The second consecutive victory of the 5 Star Movement in domestic elections gives us clues about the long term.

First of all, Italy has once again invented a new form of politics, and one which is the most effective of all the crop of new political inventions in Europe. It has even been capable of achieving something that counts as almost a miracle for a populist movement: replacing its leader.

Second, its success has confirmed that we are in the historical phase in which the playing field is populism. You’re either on this field or you’re out of the game.

Third, consensus building should be pursued in the most scientific way possible: moving from the local, individual knowledge of the members of society, from its needs and its forms of collective representation (a task that Casaleggio Associati has been accomplishing for the 5 Star Movement), and translating the needs thus identified into very few but very powerful messages, communicated in the most appropriate ways according to the content. (Putting on a show? Yes, even that.)

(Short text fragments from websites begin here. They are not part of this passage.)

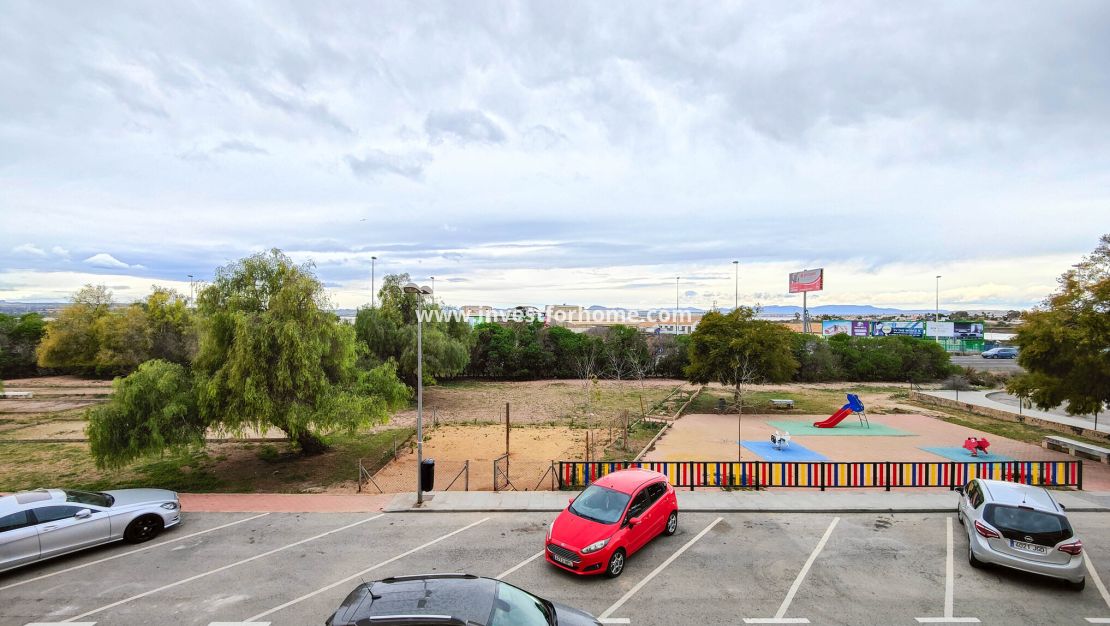 Försäljning - Lägenhet - Torrevieja - Centro
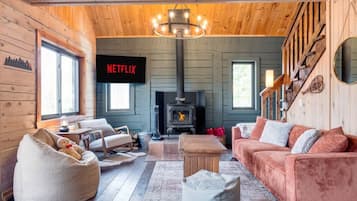 TV connectée, cheminée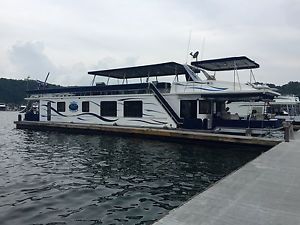 Sumerset Houseboat -16x86 -Very Clean-Spacious, Hottub, Beautiful inside and out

An election campaign is a campaign, and it has to reach circles far from those of its own militants. It cannot be a solipsistic discourse made solely for the pleasure of being among friends and companions. In addition, in the view of the electorate a party basically stands for one thing, and that thing places it within the political space: Salvini is anti-immigration, the 5 Stars are anti-political elites. What does the Left stand for?

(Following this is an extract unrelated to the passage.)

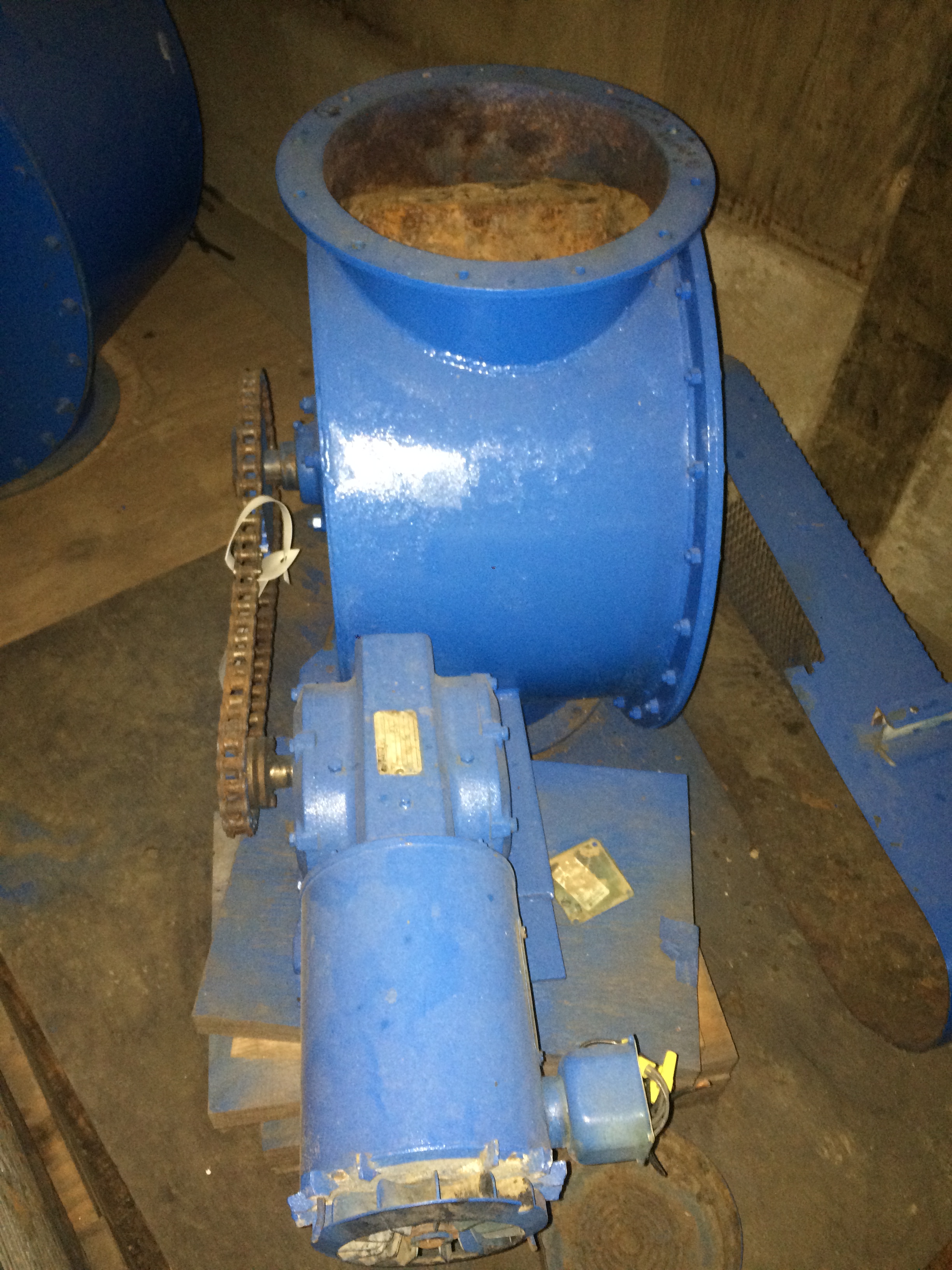 Used Airlock 12 inch inlet and outlet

Fourth, a protest force, or an alternative movement, must have a global perspective in which to place its discourse. Even the proposals to strengthen the existing order and its hierarchy have a global outlook (the most powerful one, as it is the most tangible). But a political force can indeed evoke an alternative order of things, something that once was called a utopia.

The 5 Star Movement does exactly this: their utopia is that of democracy and the digital society, which they think already exists, perfect just the way it is, needing only to be fully manifested. It is a paradise on earth, a textbook utopia to which politics must adapt. And it comes accompanied by a second utopia: the global transformation of the political system.

Without a utopia and without a global horizon, no political action is possible, especially for the Left. But this should go without saying—ever since 1789 and during the following century, that was how left-wing movements were always born: as a utopian foreshadowing of a new world, a political prophecy based on the real existing society, on the potential it contains but cannot develop, on the promises it makes but cannot fulfill.

This used to be called “dialectic.” Today, what is the utopian horizon of the Left? Is it still socialism? And what does socialism even mean nowadays?

There is a very strong historical analogy to be made between the current phase of history and that of the first industrial revolution, between the end of the 18th and the middle of the 19th century, the era in which the Left was born.

The industrial revolution destroyed the society of the old regime and the political form of absolute monarchy. It was an “anti-political” historical phase, in which the targets of the movements and revolutions were the political classes, public authorities, and the form of the state itself.

Today, similarly, the “digital revolution” is destroying parliamentary and representative democracy, a political form no longer adequate to the present social relations and conditions of material life.

The forms of the state and of political organization that we know will not last for long.

The 5 Star Movement has its own alternative model: a political form modeled on the manner of operation, and the interests, of large digital corporations.

Whoever wants to build an emancipation force that would meet the needs of our times will have to rise up to the level of fulfilling those needs: they will have to reinvent the utopia, come up with their own alternative model, find one great symbolic element to define them, and talk about the world that could be, not the one that once was.